The case report study, “A special association between Charcot-Marie-Tooth type 1A disease and relapsing remitting multiple sclerosis,” was published in Multiple Sclerosis and Related Disorders.
Charcot-Marie-Tooth (CMT) is the most common heritable disease that affects the peripheral nervous system — the network of nerves responsible for controlling movement and sensation in the limbs. The disease can be caused by different genetic mutations and manifest at various ages, depending on its type and subtype.
In certain subtypes of CMT, there have been cases of patients whose symptoms or type of brain lesions suggested a direct involvement of the central nervous system (CNS, composed of the brain, brainstem, and cerebellum).
“Also, data from literature reported the association between CMT1A/1B and MS, supported by genetic studies and clinical investigations showing a possible [loss of myelin] process,” the authors wrote.
In this case report study, physicians described the case of a young woman who had CMT1A and MS, supporting the idea that the conditions might have a common mechanism.
When she was admitted to the rehabilitation department, the 21-year-old had a history of gait impairments lasting approximately six years, and a history of MS over the last three years. She also had a family history of peripheral neuropathy and claimed she had pes cavus (high foot arch) — a foot deformity associated with CMT — since childhood.
She also had a history of acute psychosis and mental health impairments that worsened after she received several doses of intravenous methylprednisolone to treat her MS relapses. After that she started treatment with the immunomodulatory agent glatiramer acetate and later was started on fampridine.
During physical examination, she showed gait impairment, mild peripheral atrophy in her arms and legs, pes cavus, hammer toes, mild loss of sensation in her legs and urinary incontinence.
Electrophysiological (the study of how electrical signals are transmitted through nerves in the body) analyses confirmed she had an inherited form of peripheral neuropathy, whereas brain magnetic resonance imaging (MRI) revealed she had several lesions in different regions of the brain that suggested the presence of a demyelinating disease.
Genetic tests performed afterward confirmed she had CMT1A caused by a duplication of the PMP22 gene.

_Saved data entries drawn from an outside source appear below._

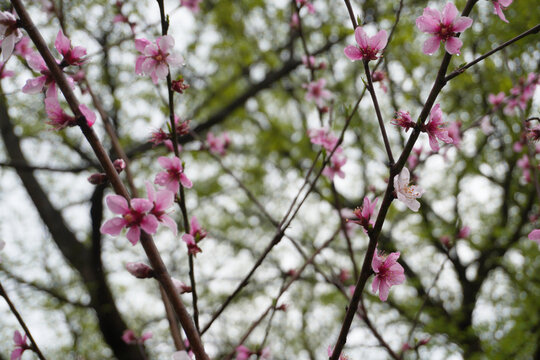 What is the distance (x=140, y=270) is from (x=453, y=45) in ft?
3.82

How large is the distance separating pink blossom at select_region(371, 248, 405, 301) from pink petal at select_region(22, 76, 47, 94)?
3.95 feet

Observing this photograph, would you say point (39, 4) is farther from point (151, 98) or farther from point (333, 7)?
point (333, 7)

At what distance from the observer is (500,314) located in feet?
16.5

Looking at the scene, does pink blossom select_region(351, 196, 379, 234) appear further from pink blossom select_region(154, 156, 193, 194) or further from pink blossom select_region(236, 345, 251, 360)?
pink blossom select_region(236, 345, 251, 360)

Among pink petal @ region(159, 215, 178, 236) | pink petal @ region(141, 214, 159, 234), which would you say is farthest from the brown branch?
pink petal @ region(159, 215, 178, 236)

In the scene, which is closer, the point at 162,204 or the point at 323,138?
the point at 162,204

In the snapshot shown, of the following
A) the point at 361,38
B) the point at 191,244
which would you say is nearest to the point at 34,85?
the point at 191,244

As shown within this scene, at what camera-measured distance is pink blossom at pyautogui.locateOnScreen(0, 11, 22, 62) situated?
121cm

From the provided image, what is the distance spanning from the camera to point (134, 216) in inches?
44.9

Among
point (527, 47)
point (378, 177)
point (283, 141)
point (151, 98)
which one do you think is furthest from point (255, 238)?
point (527, 47)

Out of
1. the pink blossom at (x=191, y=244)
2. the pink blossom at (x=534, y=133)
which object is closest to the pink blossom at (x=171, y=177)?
the pink blossom at (x=191, y=244)

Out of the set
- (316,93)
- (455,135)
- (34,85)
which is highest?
(316,93)

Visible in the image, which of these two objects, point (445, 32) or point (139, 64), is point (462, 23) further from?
point (139, 64)

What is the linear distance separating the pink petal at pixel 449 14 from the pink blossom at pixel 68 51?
1.23m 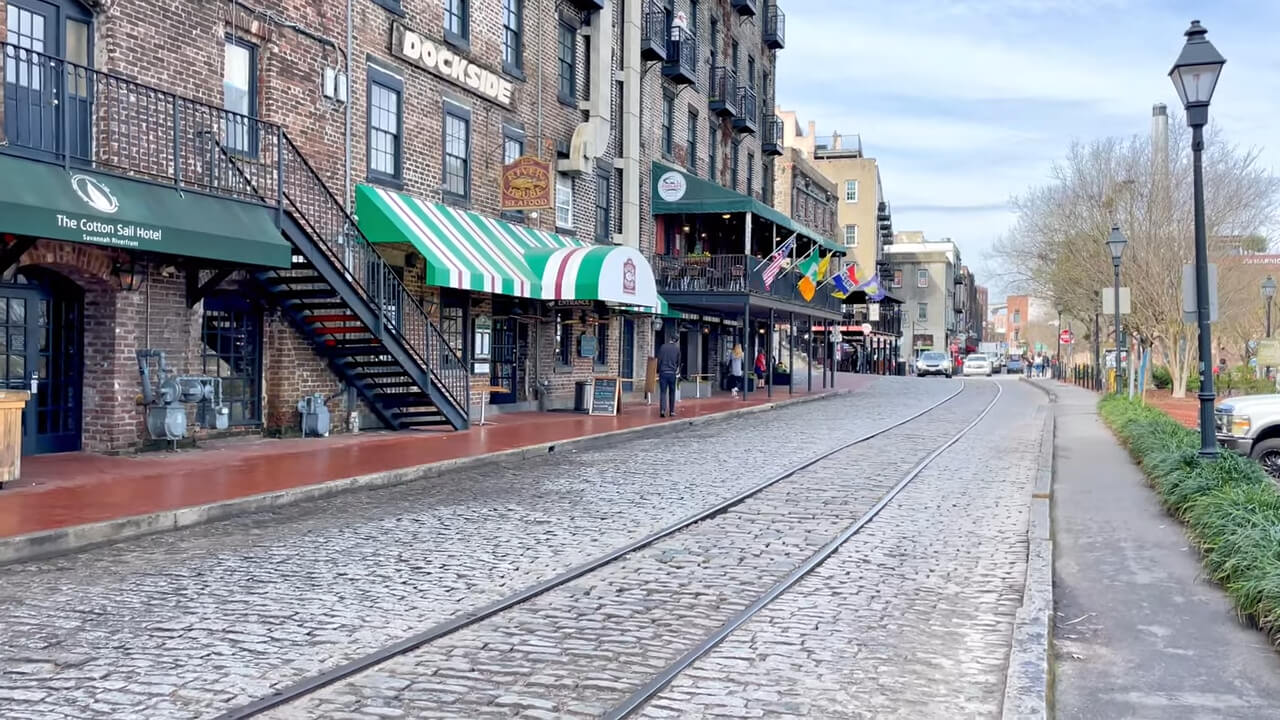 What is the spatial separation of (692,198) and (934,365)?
37.3 meters

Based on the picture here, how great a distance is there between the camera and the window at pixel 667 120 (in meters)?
30.5

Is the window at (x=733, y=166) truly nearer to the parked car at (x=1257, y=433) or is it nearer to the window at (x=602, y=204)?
the window at (x=602, y=204)

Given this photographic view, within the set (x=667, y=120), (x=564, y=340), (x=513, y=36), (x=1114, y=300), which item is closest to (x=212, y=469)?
(x=513, y=36)

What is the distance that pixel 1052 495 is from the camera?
11.9 m

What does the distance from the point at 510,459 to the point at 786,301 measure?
18272mm

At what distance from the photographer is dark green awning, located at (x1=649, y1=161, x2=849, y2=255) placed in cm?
2847

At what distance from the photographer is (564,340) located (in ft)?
82.9

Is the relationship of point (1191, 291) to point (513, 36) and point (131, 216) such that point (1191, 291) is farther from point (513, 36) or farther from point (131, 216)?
point (513, 36)

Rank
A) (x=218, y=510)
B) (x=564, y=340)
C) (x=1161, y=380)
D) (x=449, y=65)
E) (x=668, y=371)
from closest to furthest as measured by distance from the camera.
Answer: (x=218, y=510) → (x=449, y=65) → (x=668, y=371) → (x=564, y=340) → (x=1161, y=380)

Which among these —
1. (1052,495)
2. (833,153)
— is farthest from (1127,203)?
(833,153)

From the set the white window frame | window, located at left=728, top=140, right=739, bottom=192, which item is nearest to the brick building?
window, located at left=728, top=140, right=739, bottom=192

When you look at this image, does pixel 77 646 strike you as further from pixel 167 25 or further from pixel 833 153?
pixel 833 153

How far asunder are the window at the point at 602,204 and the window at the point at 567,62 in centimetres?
225

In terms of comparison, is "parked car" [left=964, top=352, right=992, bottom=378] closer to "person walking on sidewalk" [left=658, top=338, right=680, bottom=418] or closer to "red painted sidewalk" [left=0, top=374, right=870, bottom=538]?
"person walking on sidewalk" [left=658, top=338, right=680, bottom=418]
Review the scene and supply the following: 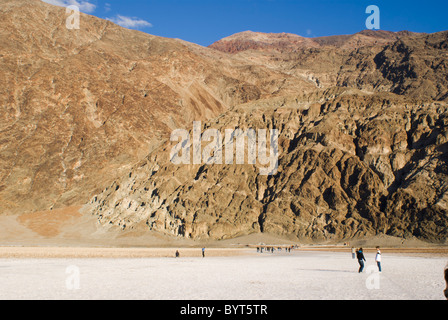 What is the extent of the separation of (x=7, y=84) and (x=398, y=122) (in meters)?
104

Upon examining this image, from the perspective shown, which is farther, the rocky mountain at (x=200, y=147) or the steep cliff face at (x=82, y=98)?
the steep cliff face at (x=82, y=98)

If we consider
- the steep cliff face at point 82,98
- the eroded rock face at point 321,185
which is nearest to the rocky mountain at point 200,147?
the eroded rock face at point 321,185

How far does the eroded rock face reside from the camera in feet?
240

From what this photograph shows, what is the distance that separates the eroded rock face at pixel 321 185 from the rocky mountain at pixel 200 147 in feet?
0.81

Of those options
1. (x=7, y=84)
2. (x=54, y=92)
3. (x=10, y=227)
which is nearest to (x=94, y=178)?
(x=10, y=227)

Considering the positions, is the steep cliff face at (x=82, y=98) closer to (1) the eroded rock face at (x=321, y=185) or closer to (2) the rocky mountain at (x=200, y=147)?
(2) the rocky mountain at (x=200, y=147)

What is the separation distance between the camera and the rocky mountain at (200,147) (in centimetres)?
7650

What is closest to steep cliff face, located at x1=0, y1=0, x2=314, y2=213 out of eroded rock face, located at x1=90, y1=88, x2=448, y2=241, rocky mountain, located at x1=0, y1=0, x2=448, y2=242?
rocky mountain, located at x1=0, y1=0, x2=448, y2=242

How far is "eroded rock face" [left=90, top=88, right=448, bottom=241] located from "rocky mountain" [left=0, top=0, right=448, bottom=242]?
0.81 feet

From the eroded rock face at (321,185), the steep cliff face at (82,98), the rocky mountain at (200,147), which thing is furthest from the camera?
the steep cliff face at (82,98)

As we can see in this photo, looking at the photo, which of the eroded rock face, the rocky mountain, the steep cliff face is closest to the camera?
the eroded rock face

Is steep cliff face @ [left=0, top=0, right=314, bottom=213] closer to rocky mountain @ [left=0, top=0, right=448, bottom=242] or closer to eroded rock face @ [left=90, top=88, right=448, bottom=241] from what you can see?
rocky mountain @ [left=0, top=0, right=448, bottom=242]

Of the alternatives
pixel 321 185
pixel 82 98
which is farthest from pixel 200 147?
pixel 82 98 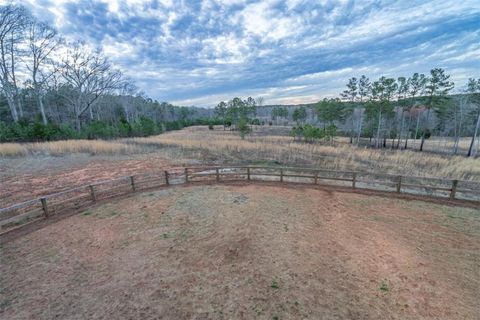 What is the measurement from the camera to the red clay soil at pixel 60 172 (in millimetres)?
9345

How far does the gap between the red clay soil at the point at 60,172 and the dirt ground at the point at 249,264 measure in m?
4.06

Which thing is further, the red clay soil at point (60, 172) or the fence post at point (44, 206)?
the red clay soil at point (60, 172)

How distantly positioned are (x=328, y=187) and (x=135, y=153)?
16.7 metres

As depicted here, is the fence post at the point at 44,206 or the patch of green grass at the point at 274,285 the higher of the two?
the fence post at the point at 44,206

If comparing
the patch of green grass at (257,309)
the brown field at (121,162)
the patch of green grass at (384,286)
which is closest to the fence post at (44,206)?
the brown field at (121,162)

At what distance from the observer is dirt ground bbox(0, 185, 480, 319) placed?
356 cm

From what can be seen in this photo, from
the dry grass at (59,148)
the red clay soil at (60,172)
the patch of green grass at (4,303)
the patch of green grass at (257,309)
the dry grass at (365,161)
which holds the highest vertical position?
the dry grass at (59,148)

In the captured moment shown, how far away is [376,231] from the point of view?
6059mm

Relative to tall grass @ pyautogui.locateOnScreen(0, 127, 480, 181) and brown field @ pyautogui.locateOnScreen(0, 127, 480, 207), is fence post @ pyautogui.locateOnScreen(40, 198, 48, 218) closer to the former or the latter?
brown field @ pyautogui.locateOnScreen(0, 127, 480, 207)

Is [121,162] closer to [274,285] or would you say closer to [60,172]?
[60,172]

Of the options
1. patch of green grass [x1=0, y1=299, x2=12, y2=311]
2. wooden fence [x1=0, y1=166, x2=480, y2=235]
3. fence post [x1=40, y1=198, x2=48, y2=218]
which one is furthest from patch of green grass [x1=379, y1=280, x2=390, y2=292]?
fence post [x1=40, y1=198, x2=48, y2=218]

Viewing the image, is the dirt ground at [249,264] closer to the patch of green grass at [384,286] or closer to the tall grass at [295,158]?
the patch of green grass at [384,286]

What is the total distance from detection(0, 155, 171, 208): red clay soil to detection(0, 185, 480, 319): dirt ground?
4.06 m

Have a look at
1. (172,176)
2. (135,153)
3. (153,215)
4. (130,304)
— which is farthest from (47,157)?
(130,304)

“Our patient is one of the rare cases with CMT1A that developed a demyelinating illness fulfilling the diagnostic criteria for MS. The increasing number of cases with CMT and MS may point to the relationship between the two diseases, [possibly resulting from duplications on the PMP22 gene],” they stated.
“PMP22, the target protein in CMT1A [and] a component of myelin, [is very similar] with other CNS proteins. [Therefore,] the PMP22 gene might be relevant to a common pathway of the demyelinating process.
“In conclusion, although the simultaneous existence of CMT1A and MS in our patient could be coincidental, we suggest that inherited peripheral demyelination may trigger an autoimmune reaction against CNS myelin.”